What the hell am I thinking? I may never see shampoo again. Well, I bet I will. The captors will probably want me clean before they fuck the virginity out of me, or before they sell me to the highest bidder.

I blow out a heavy breath and lean back on the mattress, holding the pillow against my chest. Men… most men, are perverse, disgusting beings and I can’t believe I was about to willingly sell myself to one of them.

Why couldn’t I have listened to Owen, or even Jen? The few people that knew what I was doing were not shy about their opinions on the topic.

I pinch my lips together and hum under my breath. I could be at work right now making soy lattes and macchiatos. I could be having churros and chocolate for dessert tonight with my best friend. I could be settling in to watch idiots fall in love with strangers through a wall on some stupid reality channel. I could be crawling into my big, warm bed with my big, sweet, best friend one wall away. Instead, I just had to try a get-rich-quick scheme.
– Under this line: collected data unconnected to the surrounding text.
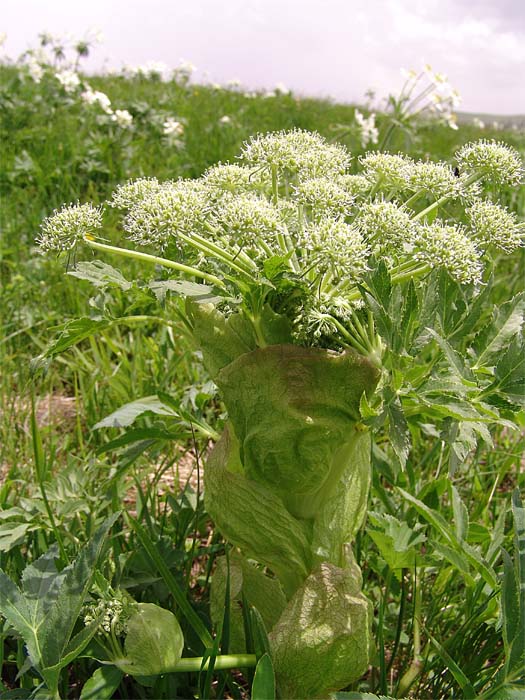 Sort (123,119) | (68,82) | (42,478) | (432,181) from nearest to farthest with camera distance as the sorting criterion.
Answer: (432,181), (42,478), (123,119), (68,82)

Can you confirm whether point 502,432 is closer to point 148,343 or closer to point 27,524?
point 148,343

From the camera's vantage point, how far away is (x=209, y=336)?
1562mm

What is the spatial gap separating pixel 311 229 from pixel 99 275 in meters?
0.49

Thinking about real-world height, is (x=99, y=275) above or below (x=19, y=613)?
above

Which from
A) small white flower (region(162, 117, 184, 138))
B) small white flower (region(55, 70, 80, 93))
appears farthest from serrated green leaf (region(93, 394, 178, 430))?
small white flower (region(55, 70, 80, 93))

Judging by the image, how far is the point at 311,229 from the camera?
136cm

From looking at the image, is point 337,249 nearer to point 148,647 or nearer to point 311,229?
point 311,229

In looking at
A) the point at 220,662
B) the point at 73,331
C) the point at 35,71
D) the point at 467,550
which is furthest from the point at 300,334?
the point at 35,71

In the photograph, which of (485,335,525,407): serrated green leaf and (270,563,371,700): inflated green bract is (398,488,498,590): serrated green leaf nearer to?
(270,563,371,700): inflated green bract

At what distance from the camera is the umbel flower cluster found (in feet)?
4.34

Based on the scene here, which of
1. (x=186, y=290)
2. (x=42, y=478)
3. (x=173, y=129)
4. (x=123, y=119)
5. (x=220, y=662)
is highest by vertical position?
(x=123, y=119)

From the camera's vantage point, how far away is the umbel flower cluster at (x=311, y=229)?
132 cm

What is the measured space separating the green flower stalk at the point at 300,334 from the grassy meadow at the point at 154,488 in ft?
0.42

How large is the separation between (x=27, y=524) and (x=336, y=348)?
0.90 metres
Heavy footsteps pace back and forth above me, rattling dust from the ceiling beams. I hear three distinct voices. The mechanical sounding man, whom I recognize right away, a normal toned man, and a man with a voice so deep I wonder if he’s using a voice machine too.

“We said we’d wait until tomorrow morning,” one man groans, though I can’t tell which.
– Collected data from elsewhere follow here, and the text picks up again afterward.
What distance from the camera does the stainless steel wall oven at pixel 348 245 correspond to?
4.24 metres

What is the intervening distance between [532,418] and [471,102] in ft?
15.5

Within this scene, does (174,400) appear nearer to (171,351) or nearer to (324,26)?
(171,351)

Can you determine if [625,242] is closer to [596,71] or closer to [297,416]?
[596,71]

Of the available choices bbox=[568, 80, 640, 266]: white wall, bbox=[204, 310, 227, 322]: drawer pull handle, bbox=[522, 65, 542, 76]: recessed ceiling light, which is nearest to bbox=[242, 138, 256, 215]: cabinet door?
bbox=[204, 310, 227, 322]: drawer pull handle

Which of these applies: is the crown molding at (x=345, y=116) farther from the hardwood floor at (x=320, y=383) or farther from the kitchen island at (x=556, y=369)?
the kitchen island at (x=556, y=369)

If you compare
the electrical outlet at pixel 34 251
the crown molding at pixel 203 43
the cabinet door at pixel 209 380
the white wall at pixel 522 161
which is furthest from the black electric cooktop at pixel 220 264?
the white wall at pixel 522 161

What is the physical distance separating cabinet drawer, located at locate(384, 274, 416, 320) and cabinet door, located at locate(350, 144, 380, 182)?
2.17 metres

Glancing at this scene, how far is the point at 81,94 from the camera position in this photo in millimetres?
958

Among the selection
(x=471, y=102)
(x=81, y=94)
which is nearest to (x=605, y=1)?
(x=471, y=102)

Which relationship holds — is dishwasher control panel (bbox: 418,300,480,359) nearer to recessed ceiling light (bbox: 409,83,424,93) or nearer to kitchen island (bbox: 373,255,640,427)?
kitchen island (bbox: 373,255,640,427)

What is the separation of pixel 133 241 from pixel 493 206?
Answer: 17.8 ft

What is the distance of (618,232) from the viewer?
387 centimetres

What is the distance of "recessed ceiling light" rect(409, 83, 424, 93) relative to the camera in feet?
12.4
“Relax,” a man gripes back.

They go back and forth like this for a few minutes, sounding disgruntled on the timing of my capture. I wonder why that would’ve mattered?
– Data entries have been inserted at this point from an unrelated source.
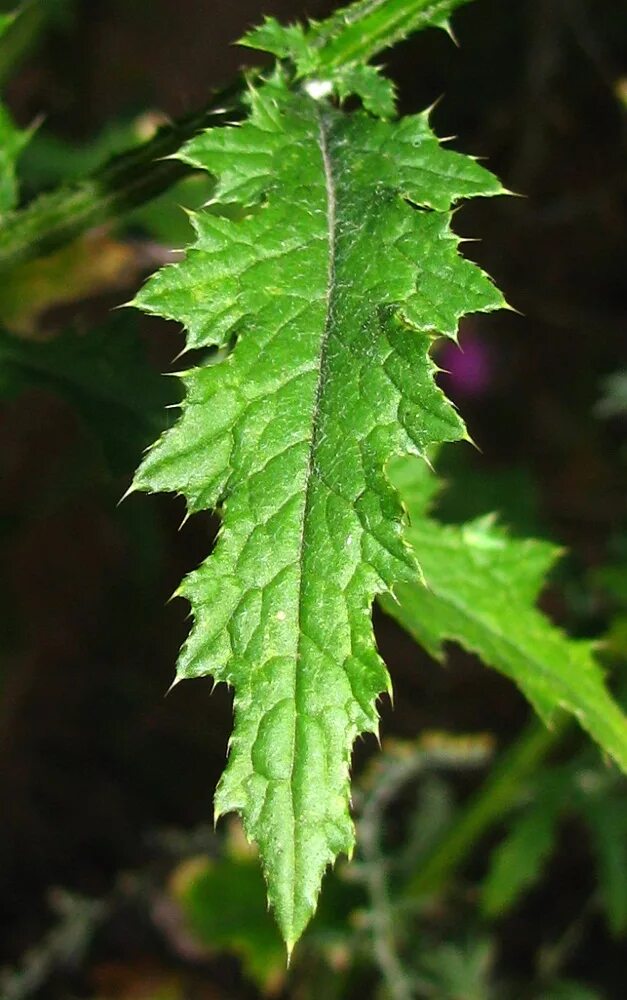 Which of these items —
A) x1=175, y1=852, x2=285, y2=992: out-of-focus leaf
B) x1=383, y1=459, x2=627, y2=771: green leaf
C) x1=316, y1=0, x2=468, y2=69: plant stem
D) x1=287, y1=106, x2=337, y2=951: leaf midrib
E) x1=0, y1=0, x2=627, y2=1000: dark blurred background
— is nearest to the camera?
x1=287, y1=106, x2=337, y2=951: leaf midrib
I’ve always liked mysteries, but I never thought I’d be sitting at the helm of my own. Turns out, being kidnapped takes a crazy toll on your brain, or this drug hasn’t completely worn off yet. I’m exhausted.

The men ramble on back and forth about something with strained voices. I wish I could hear them more clearly. At most, all I hear are broken sentences. They must have moved into another room because their voices get more and more distant, and the footsteps nearly disappear.

I sit up from the mattress and dry my eyes on the pillowcase before blowing my nose in the same place. I’m an animal now. An animal who blows her nose on her pillowcase.

Get it together, Rosie, I tell myself. Thinking straight is going to be imperative if I’m going to get out of here. I can’t cry nonstop and expect my brain to come up with the answers I need to break locks and sneak out of a house being guarded by at least three men.

The basement door creaks open, and one by one, masked men parade down into the basement slowly, methodically, purposefully. My breath catches and a tear threatens its way onto my face, but I push it away before it gets the chance to roll.

I got myself into this mess, and now I’m going to get myself out.